I normally do not feel the need to comment about deep learning, because it is only tangentially related to some of my past projects, but I can also understand those who might want to comment negatively, because I have seen many cases of managers who did not understand at all how exactly certain problems can be solved, but nevertheless they pushed vigorously for the use of deep learning to replace other better suited solutions, because they believed it to be a modern and universally better method.

So there were times when I was tired of seeing one more attempt to misuse deep learning and to have to explain and demonstrate once more which solution is better.

Obviously, any such opinions, about which method is better in a certain case, should be proved with numerical results from tests or simulations, not with guesses, but some times that requires a lot of work to implement both methods, even if you are pretty sure about which will be the result.

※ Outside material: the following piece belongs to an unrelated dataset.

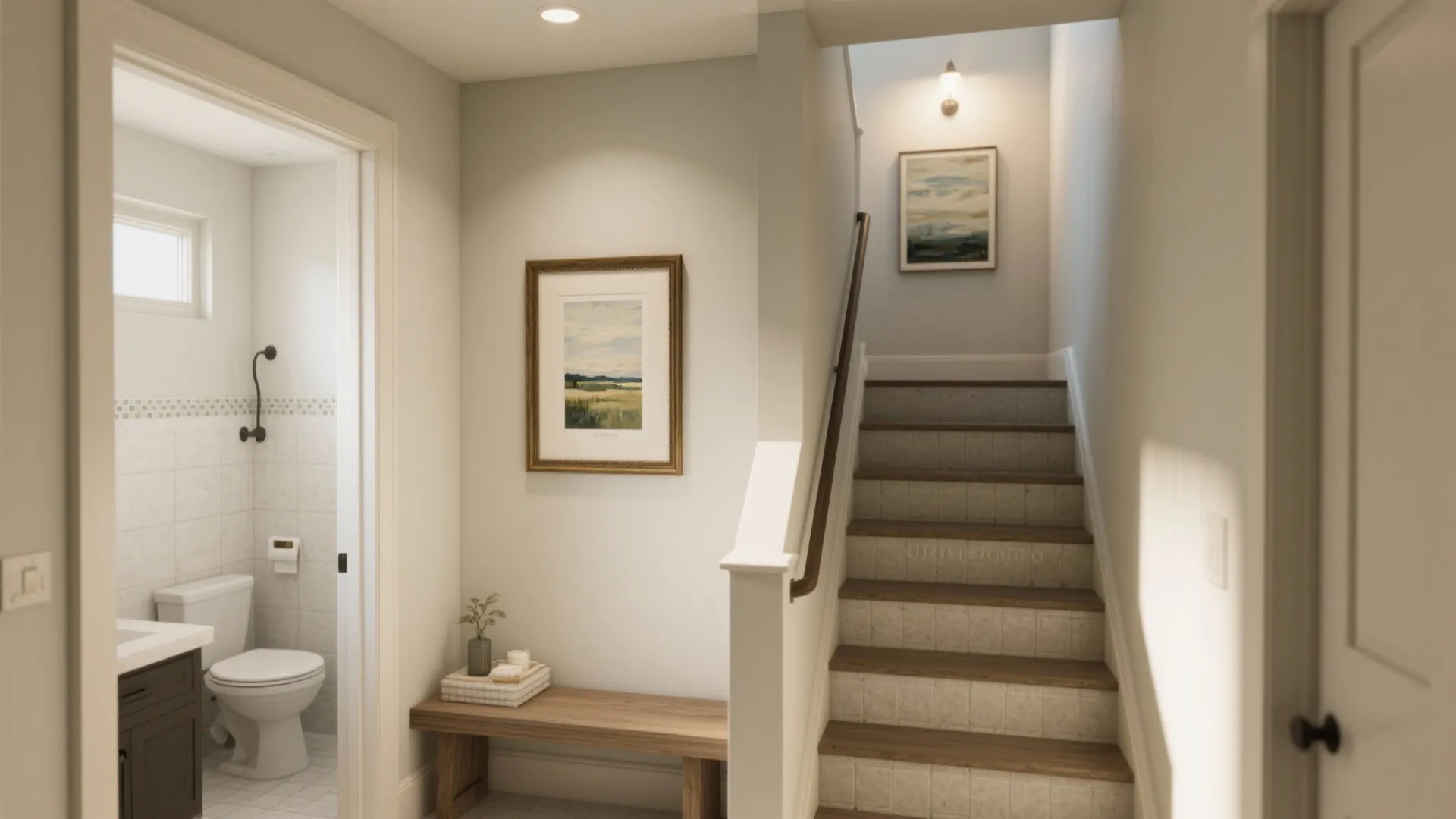 Hall bathroom and stair landing transformed by small Uttermost paintings, showing practical placement and protective framing.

As a computer vision engineer, I feel "rarely" quickly changes to "most probably" for a lot of the problems we work on.
I've seen the same in discussions of many things from programming to cars.

For instance, FP vs Imperative, where a simple example (map for instance) is being shown and someone always compares it to a for loop, and then disses garbage collection. They're obviously thinking of their existing language (we know from the GC comment) and not of whatever point the OP is trying to make about composability or whatever.

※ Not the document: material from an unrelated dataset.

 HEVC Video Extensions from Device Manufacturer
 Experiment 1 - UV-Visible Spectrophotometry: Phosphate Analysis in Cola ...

To some degree, examples are to blame. They often aren't good and don't show, to the actual audience, what the author intended. In my FP example, you need something that can't get stuck in a syntax-level debate and is complex enough for the benefits to show through. Like doing something that would take a 50-level deep stack of for loops in an unnested fashion.

It gives you more respect for great teachers who can pull examples out of the air that both illustrate and refuse to misdirect.

Can you (because I certainly can't) write a good post or blog about the minimum useful deep learning project that can't be done equivalently via any other methods?

Most people don't really have the data set to exploit larger ML models.

And the mistake people make is that they don't start with a simple model. They move straight into the heavy ones.